Scottish independence would be a massive upheaval. The mere potential is already causing wild currency swings and reputed cash outflows from Scottish companies to England and elsewhere. It could result in Scotland being unable to use the Pound Sterling (GBP) and having to develop a currency of its own, for which there is no plan, even at this late date. It could mean it being absented from both the European Union (which has already told it that it would have to apply to use the Euro) and NATO.

The implications for the Union (the United Kingdom) and for England and Wales separately, are equally profound. The No campaign, which was not co-ordinated by the three main parties, seems to have been taking a nap from which it might not recover. A yes vote would possibly, quite probably even, lead to the resignation of Prime Minister Cameron and an early election. The Queen is reported to have summoned him and lectured him on the need to save the (her) Union.

There is even the suggestion that the announcement of a second Royal baby for the future King and his wife was made earlier than they wanted in order to try to keep the Scots ‘on board’ out of sentimentalism. Additional powers for the already devolved Scotland were hastily stitched together, including some extremely generous ones on tax raising, as all three of the main party leaders headed to Scotland at high speed to try to save their bacon. Scotland is truly the only show in town right now.

Whatever the outcome the UK, or what is left of it, faces a period of turmoil. The English regions, where there are nascent separatist movements in place already, will be watching the outcome with great interest, and particularly the effect that the offer of virtually total control over tax and spend has on the result. The English regions with the strongest interest in pursuing a separtist agenda so far are Yorkshire and the Humber, the Northeast (around Newcastle) and Cornwall. Others may follow. They would all want their own airports to be given preferential treatment in any quid-pro-quo.

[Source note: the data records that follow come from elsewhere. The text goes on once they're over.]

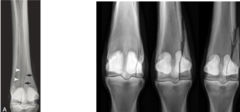 <p>What is this type 3rd metacarpal (cannon) bone fracture? Who commonly gets it?</p>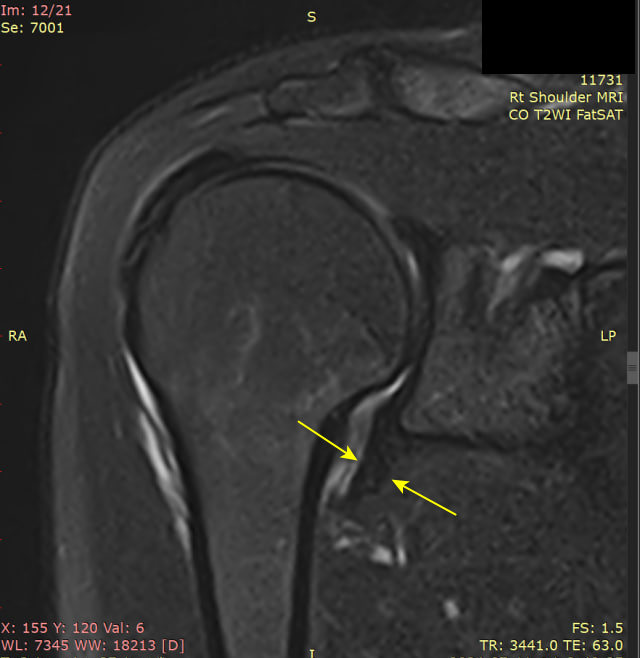 오른쪽 어깨 MRI 영상에서 노란색 화살표가 어깨 관절 주변의 염증 소견을 나타냅니다 — 서울 바로한의원 초음파 약침·도침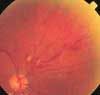 Branch Retinal Vein Occlusion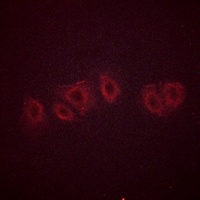 PPP2CA (Phospho-Y307) Antibody
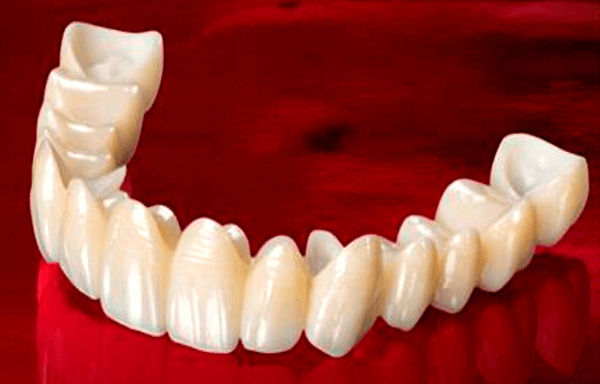 Безметалова кераміка для зубних коронок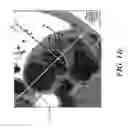 Fig. 17 - Evaluating prosthetic heart valve placement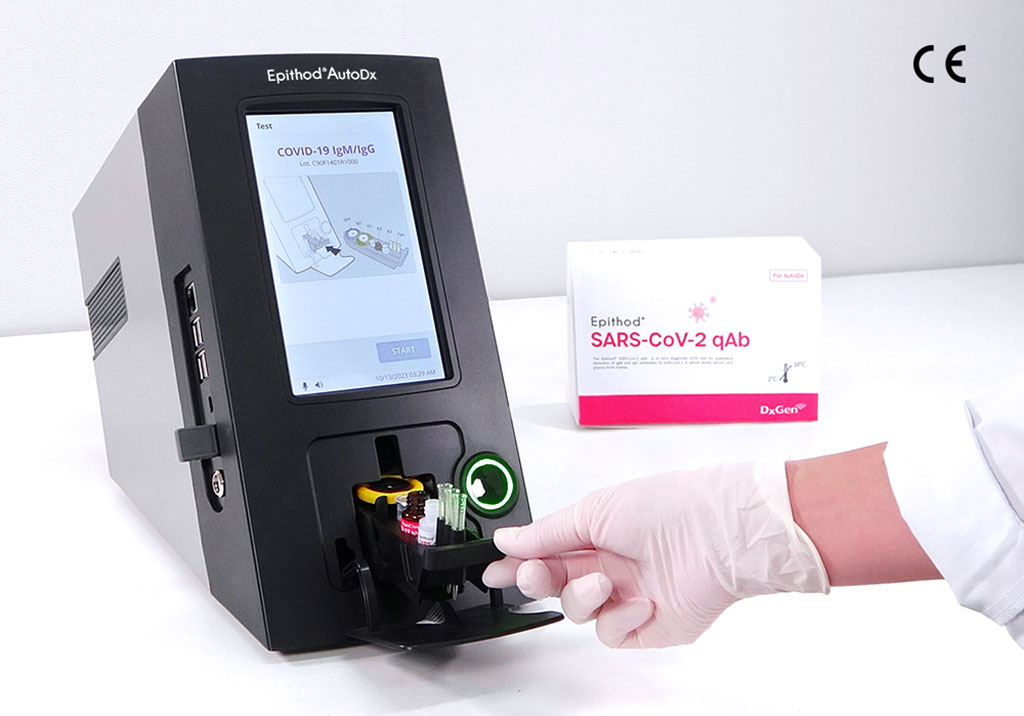 Image: Epithod AutoDx analyzer and Epithod SARS-CoV-2 qAb antibody test kit (Photo courtesy of DxGen Corp.)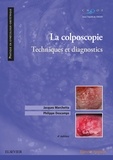 Jacques Marchetta et Philippe Descamps - La colposcopie - Techniques et diagnostics.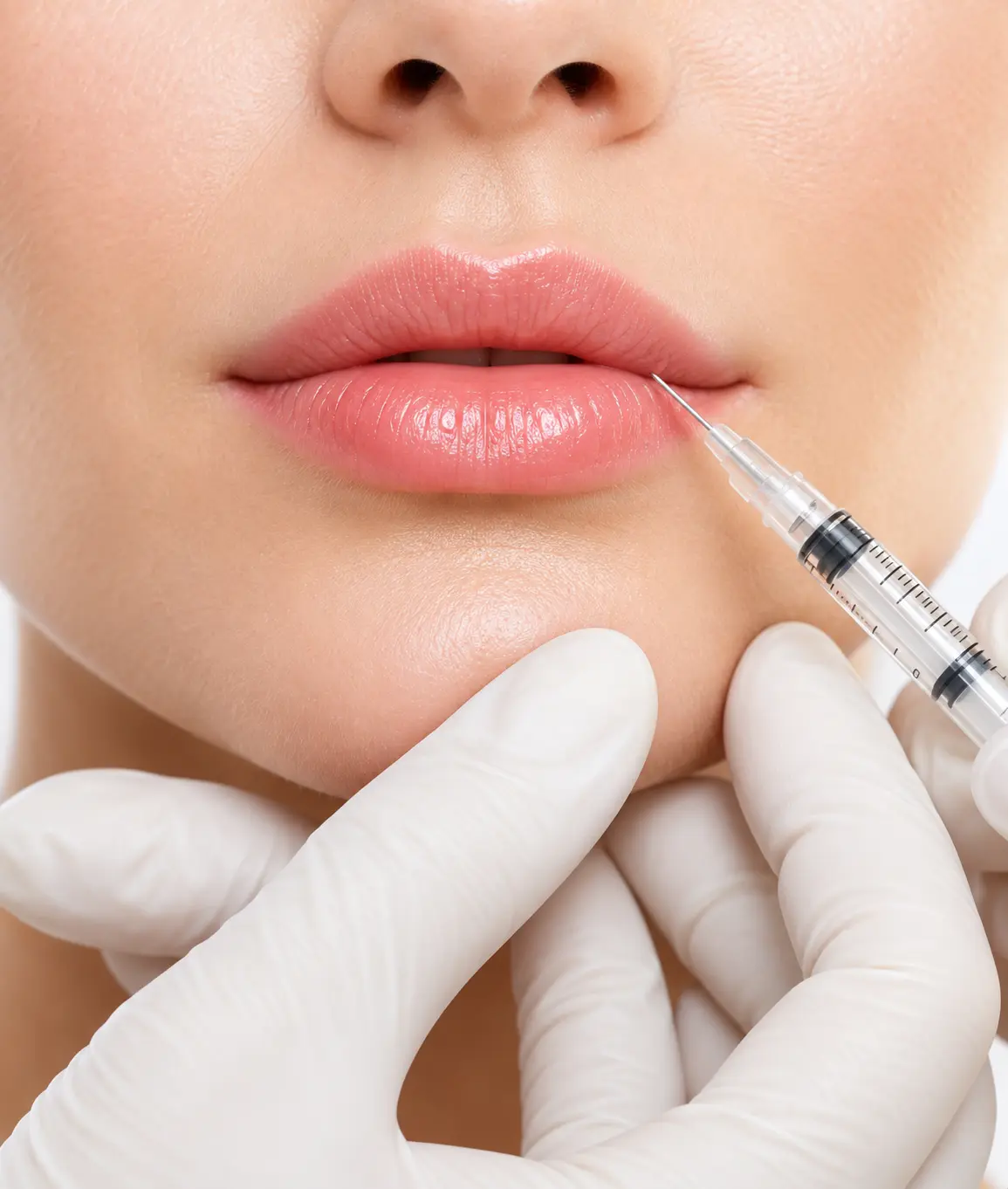 Injection de produit de comblement du visage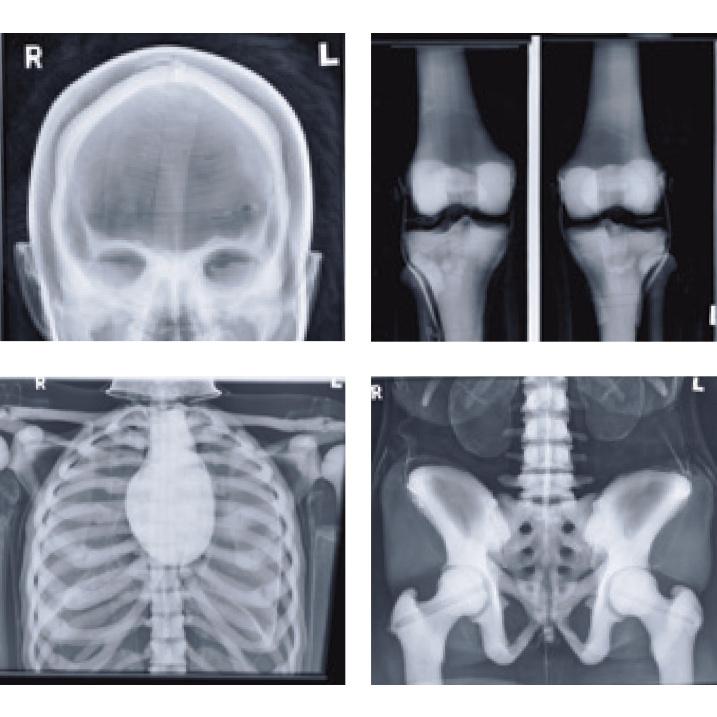 Full Body X-Ray and Radiographic Positioning Manikin - Professional Medical Training Model for Radiology Students & Technicians - Perfect for Classroom, Lab & Clinical Practice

And even when (if?) it is over, the incoming government must then face up to holding a promised referendum on whether or not to stay in Europe, either with or without Scotland, with a rampaging UK Independence Party (which by then might be the English Independence Party) pulling the strings.

Surprisingly, the Commission did not take into account either the effect of Scottish Independence or of the UK leaving the EU in its deliberations on future airport capacity.

Among all this, if anyone thinks that any serious attention is going to be paid to the Davies Commission’s recommendations on the whys and wherefores of laying a few hundred additional metres of tarmac in a field in west London or West Sussex they are going to be disappointed. Or perhaps that is what the government hoped for in the first place?